Supplied entries —

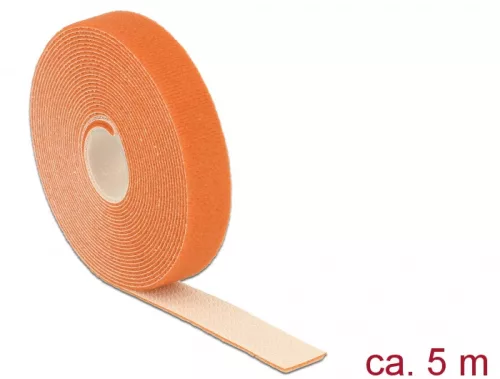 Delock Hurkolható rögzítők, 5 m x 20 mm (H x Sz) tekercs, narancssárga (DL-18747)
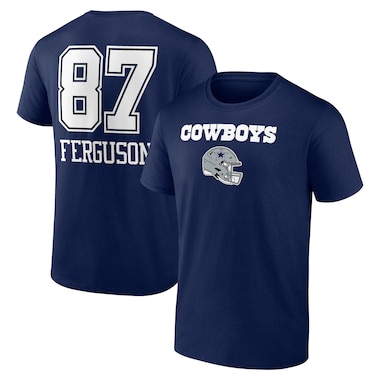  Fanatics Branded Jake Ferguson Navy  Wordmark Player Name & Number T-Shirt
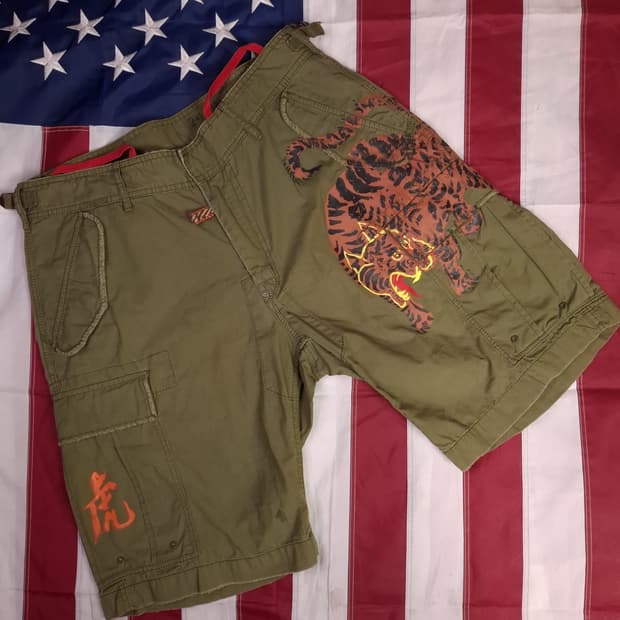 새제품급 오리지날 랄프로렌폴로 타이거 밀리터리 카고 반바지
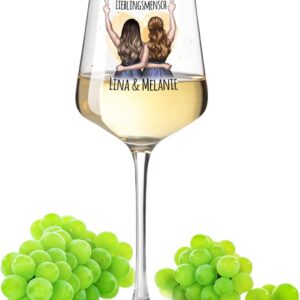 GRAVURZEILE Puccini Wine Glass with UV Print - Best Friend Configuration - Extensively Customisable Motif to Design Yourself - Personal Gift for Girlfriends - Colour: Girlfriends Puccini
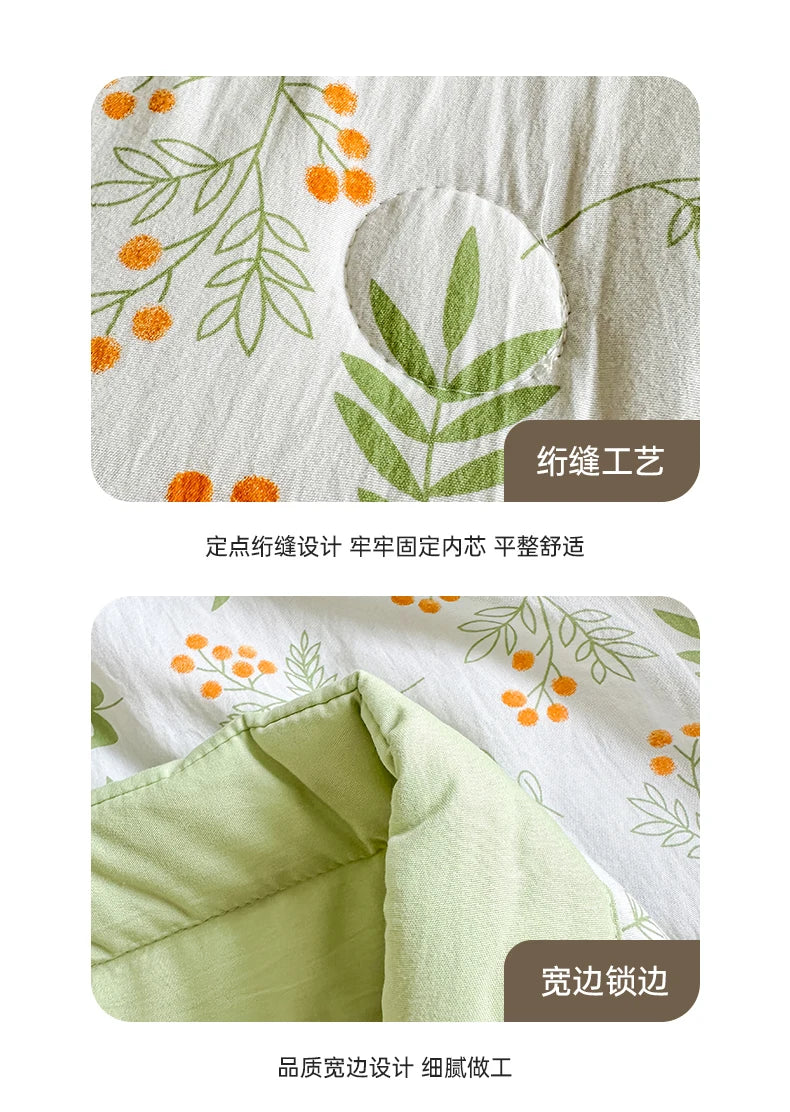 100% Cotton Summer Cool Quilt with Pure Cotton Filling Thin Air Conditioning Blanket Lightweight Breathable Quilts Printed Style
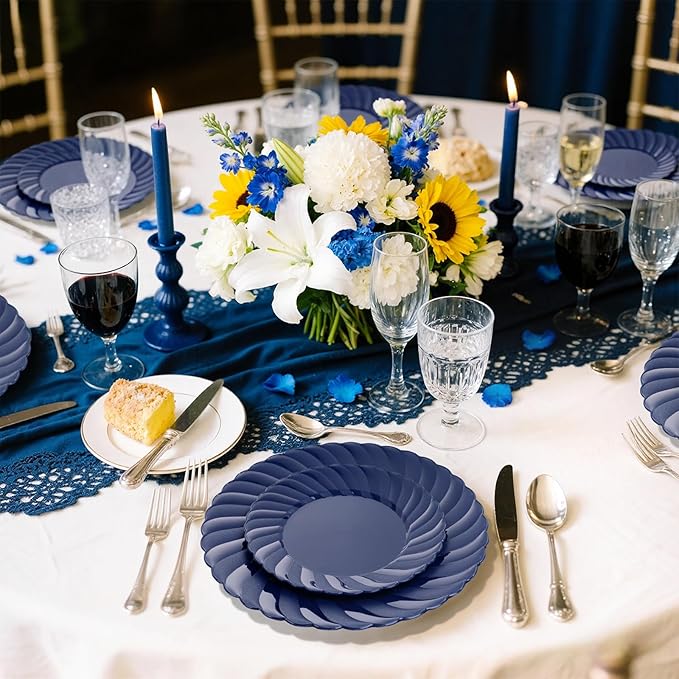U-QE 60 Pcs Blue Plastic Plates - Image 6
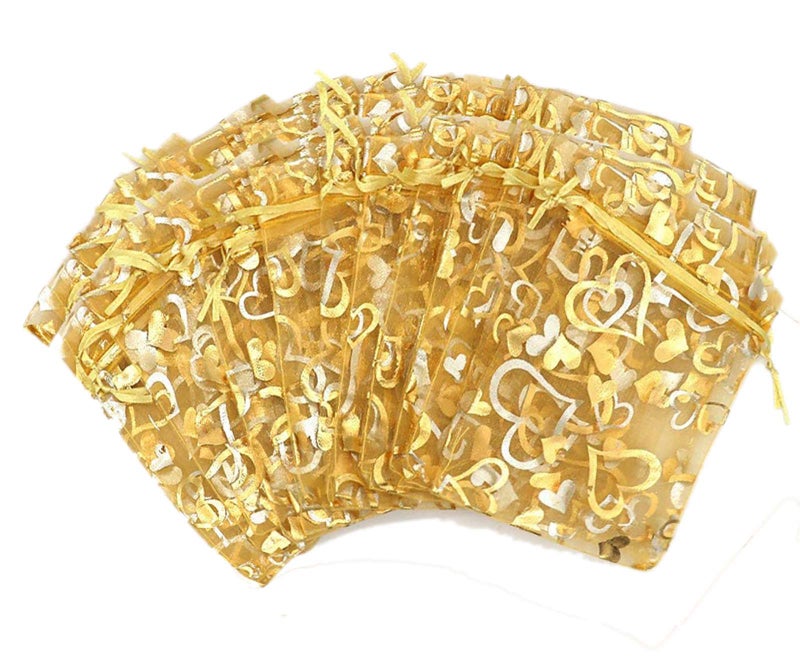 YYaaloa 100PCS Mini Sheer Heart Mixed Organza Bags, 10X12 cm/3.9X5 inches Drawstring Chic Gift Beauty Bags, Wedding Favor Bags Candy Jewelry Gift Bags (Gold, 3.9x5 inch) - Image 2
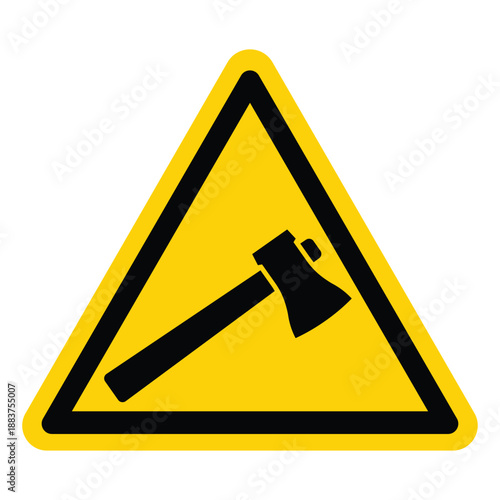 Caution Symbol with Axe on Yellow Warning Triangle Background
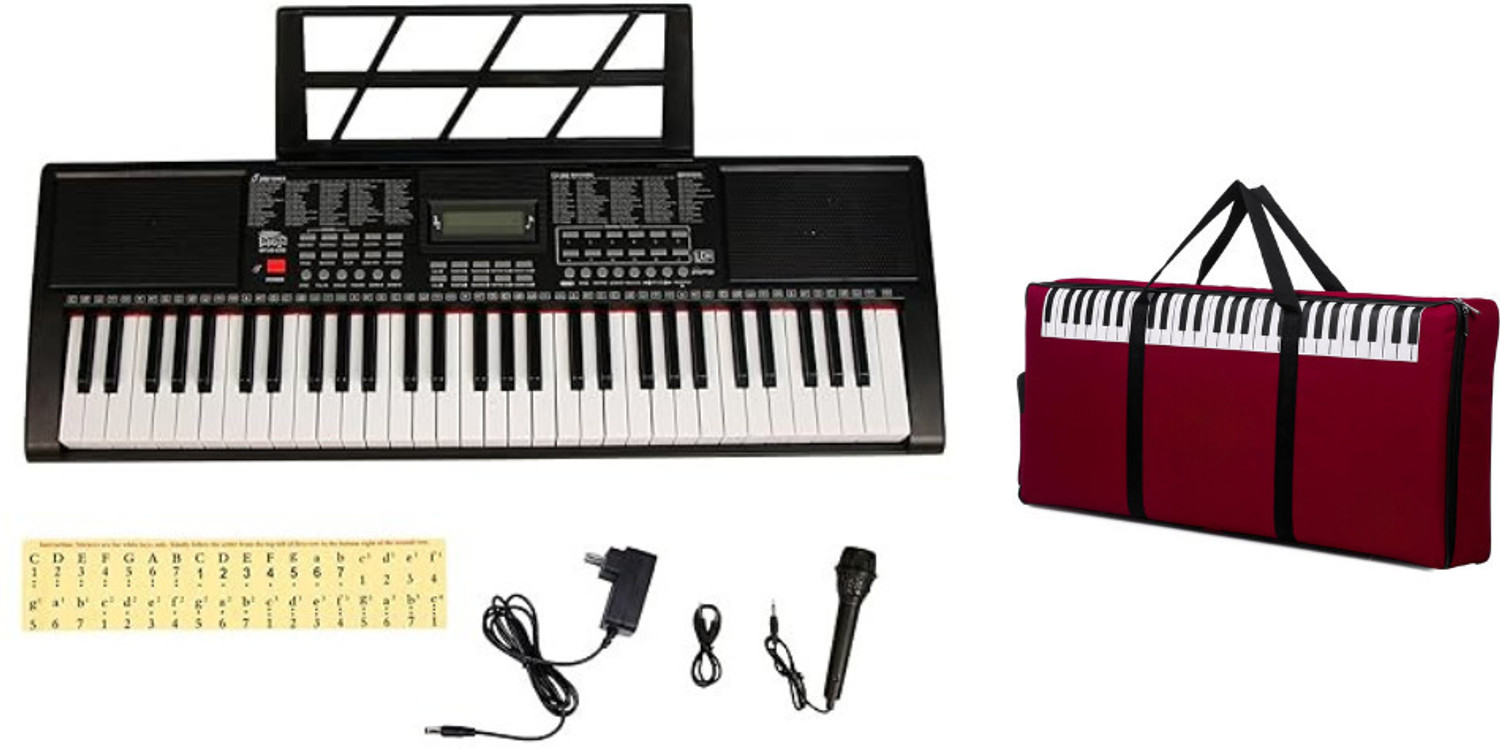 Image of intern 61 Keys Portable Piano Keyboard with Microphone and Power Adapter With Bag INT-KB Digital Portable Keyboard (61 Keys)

--

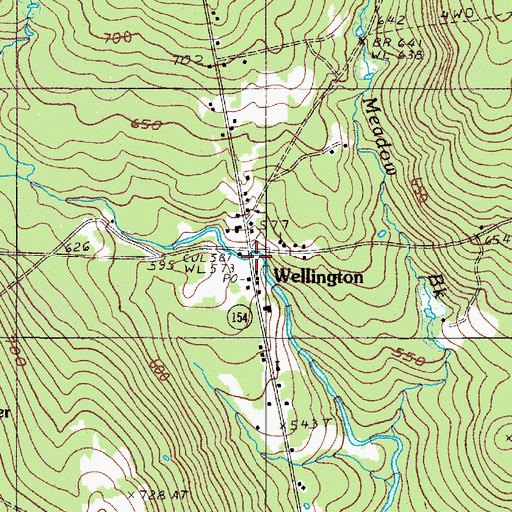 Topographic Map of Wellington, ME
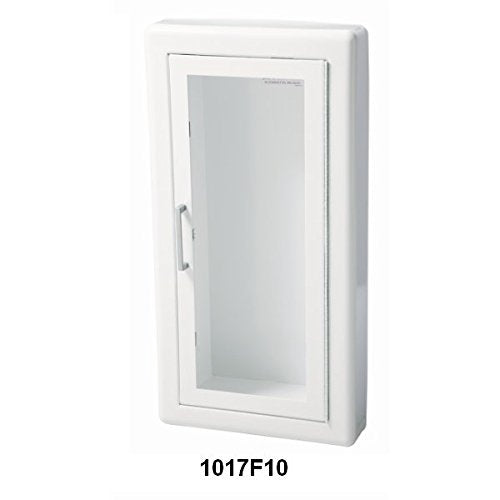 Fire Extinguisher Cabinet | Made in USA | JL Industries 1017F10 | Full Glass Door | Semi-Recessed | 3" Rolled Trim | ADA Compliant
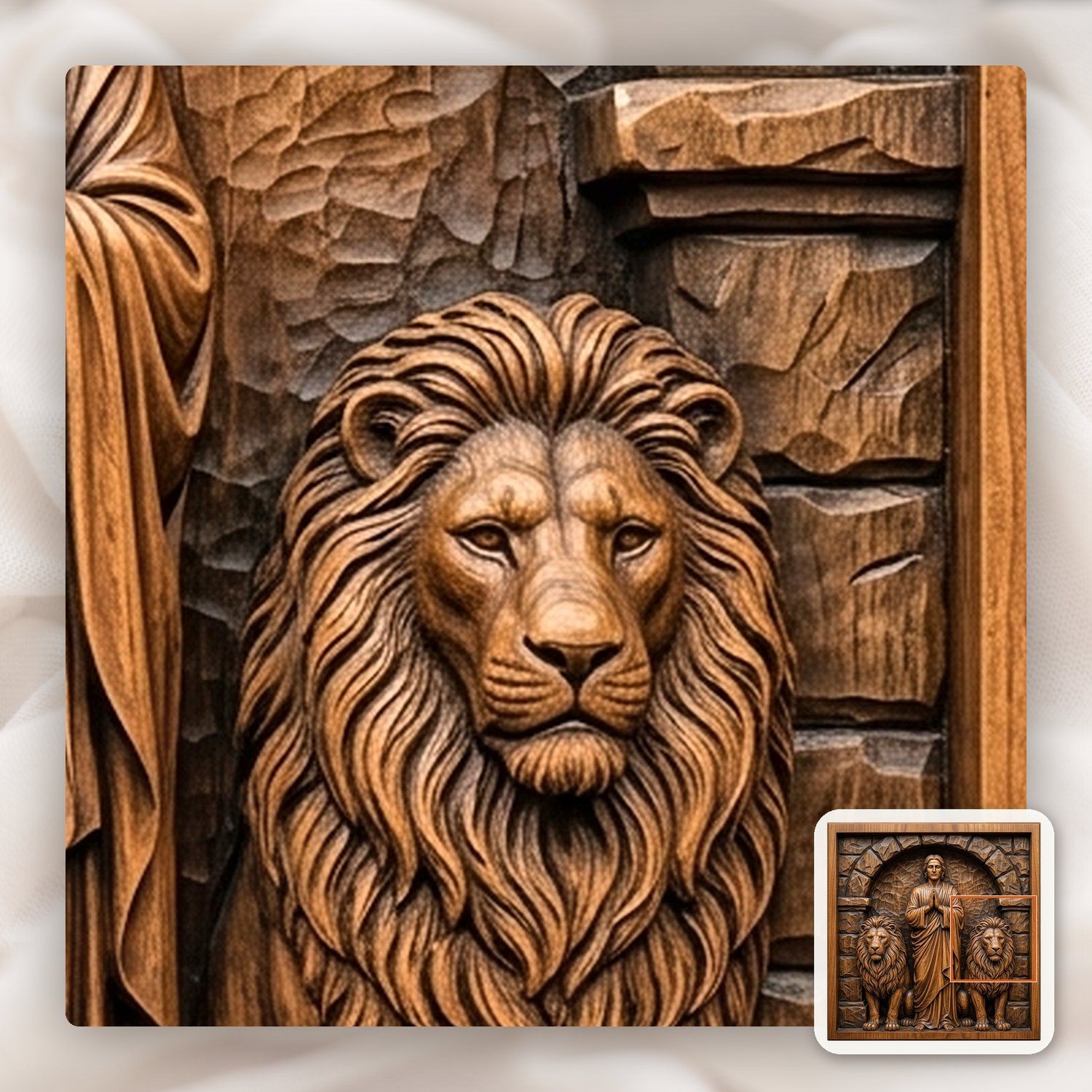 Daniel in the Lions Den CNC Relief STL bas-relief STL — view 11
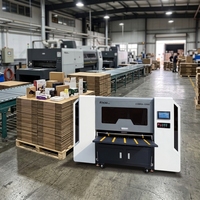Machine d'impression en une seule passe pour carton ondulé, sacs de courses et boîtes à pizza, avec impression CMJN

What you should do —
Start at the line above containing "Topographic Map of Wellington, ME" and stop at the line containing "Machine d'impression en": print those lines and everything between them exactly, but not the pictures.

Solution to this task —
 Topographic Map of Wellington, ME
 Fire Extinguisher Cabinet | Made in USA | JL Industries 1017F10 | Full Glass Door | Semi-Recessed | 3" Rolled Trim | ADA Compliant
 Daniel in the Lions Den CNC Relief STL bas-relief STL — view 11
Machine d'impression en une seule passe pour carton ondulé, sacs de courses et boîtes à pizza, avec impression CMJN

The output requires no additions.